The preparation of consolidated financial statements in conformity with GAAP requires our management to make estimates and assumptions that affect the reported amounts of assets and liabilities and disclosure of contingent assets and liabilities at the date of the consolidated financial statements and the reported amounts of revenues and expenses during the reporting period.

Reserve estimates significantly impact depreciation, depletion and amortization expense and impairments of oil and natural gas properties and are subject to change based on changes in oil and natural gas prices and trends and changes in estimated reserve quantities. Other significant estimates include those related to oil and natural gas reserves, the value of oil and natural gas properties (including acquisition properties), oil and natural gas revenues, bad debts, asset retirement obligations (“ARO”), derivative contracts, state taxes and contingencies and litigation.

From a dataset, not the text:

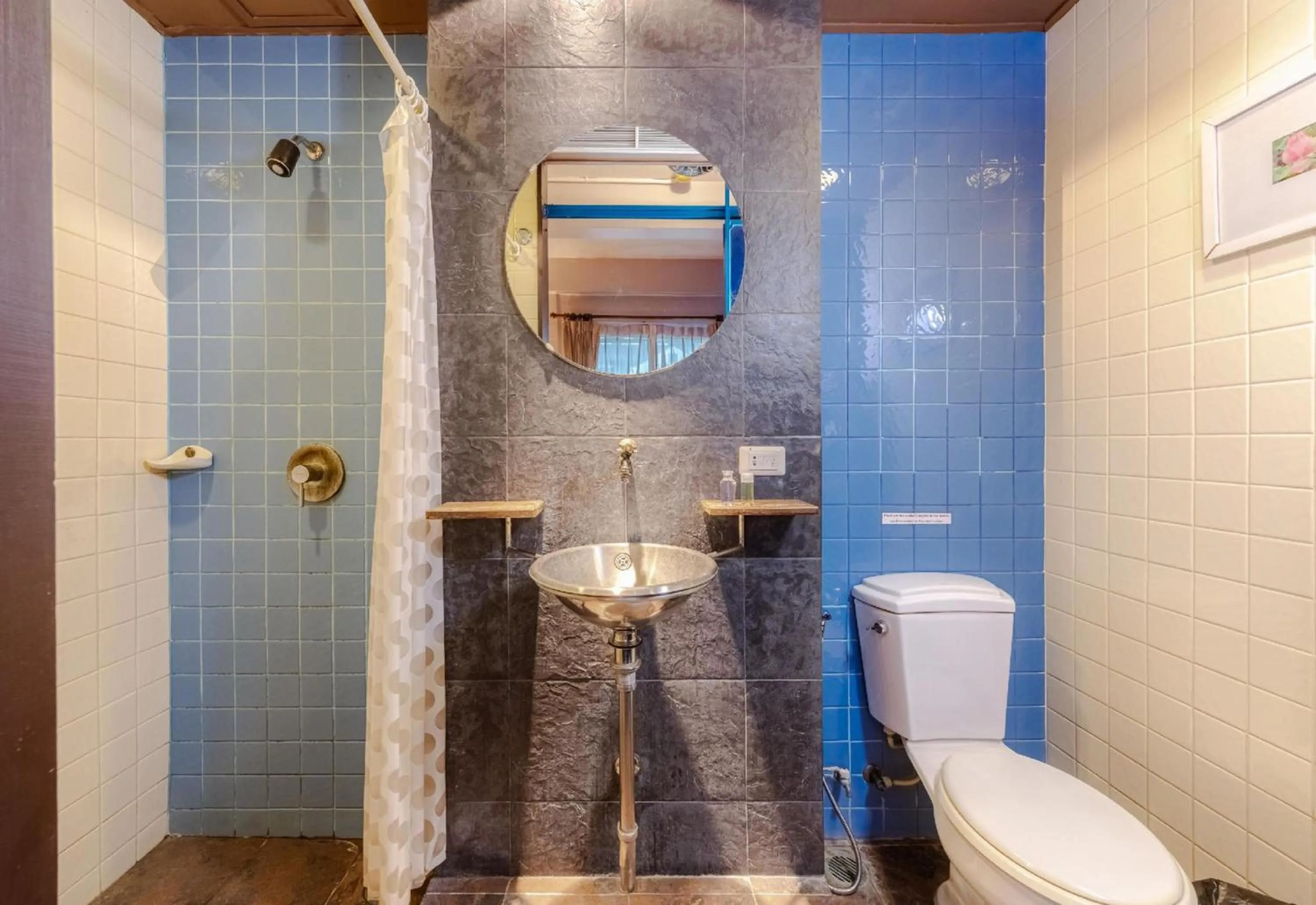 Bathroom in Collection O Diamond House Khaosan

We base our estimates on historical experience and various other assumptions that are believed to be reasonable under the circumstances. We review estimates and underlying assumptions on a regular basis. Actual results may differ from these estimates.

Property and Equipment

Oil and natural gas producing activities are accounted for using the successful efforts method of accounting. Under the successful efforts method, lease acquisition costs and all development costs, including unsuccessful development wells, are capitalized.

Unproved Properties —Acquisition costs associated with the acquisition of leases are recorded as unproved properties and capitalized as incurred. These consist of costs incurred in obtaining a mineral interest or right in a property, such as a lease in addition to options to lease, broker fees, recording fees and other similar costs related to activities in acquiring properties. Unproved properties are classified as unproved until proved reserves are discovered, at which time related costs are transferred to proved oil and natural gas properties.

Exploration Expense —Exploration expenses, other than exploration drilling costs, are charged to expense as incurred. These expenses include seismic expenditures and other geological and geophysical costs, expired leases and lease rentals. The costs of drilling exploratory wells and exploratory-type stratigraphic wells are initially capitalized pending determination of whether the well has discovered proved commercial reserves. If the exploratory well is determined to be unsuccessful, the cost of the well is transferred to expense. Exploratory well drilling costs may continue to be capitalized if the reserve quantity is sufficient to justify completion as a producing well and sufficient progress in assessing the reserves and the economic and operating viability of the project is being made.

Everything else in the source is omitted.